-- Exercise directions --
Please print, word for word, every line from the one that contains "this 640×480 image." through the last line of the records, and nothing else.
### Data to examine
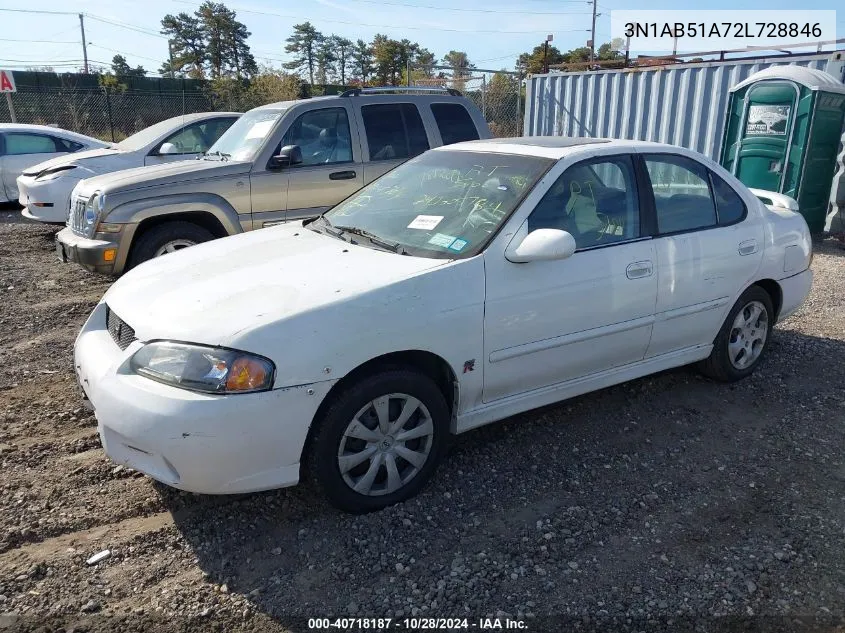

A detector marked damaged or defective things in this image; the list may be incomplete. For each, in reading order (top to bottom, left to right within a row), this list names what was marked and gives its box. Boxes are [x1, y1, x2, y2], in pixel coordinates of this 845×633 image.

cracked windshield [320, 149, 552, 256]
damaged bumper [73, 302, 336, 494]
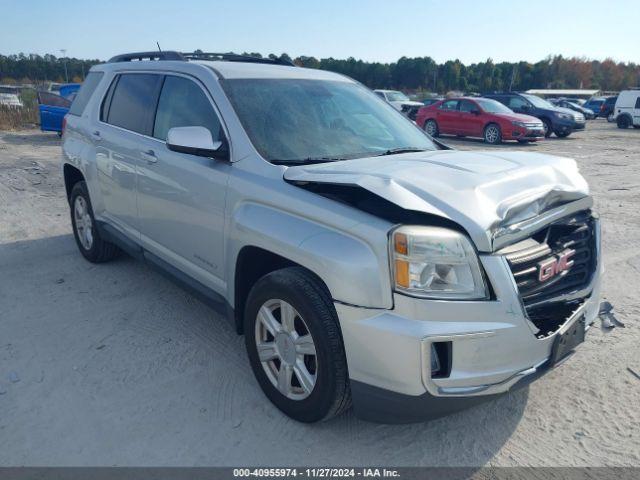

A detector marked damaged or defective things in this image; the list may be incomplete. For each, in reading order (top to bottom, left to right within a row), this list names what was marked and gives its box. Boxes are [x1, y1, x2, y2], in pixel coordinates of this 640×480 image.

crumpled hood [284, 151, 592, 253]
cracked headlight lens [392, 226, 488, 300]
######
-- Exercise solution --
A detector marked damaged or defective things in this image; the list may be incomplete. For each, in reading order (top to bottom, left to right within a row), this list names what was marked and gives its box. Boxes are [x1, y1, x2, y2], in pixel coordinates of this 640×480 image.

crumpled hood [284, 151, 592, 253]
cracked headlight lens [392, 226, 488, 300]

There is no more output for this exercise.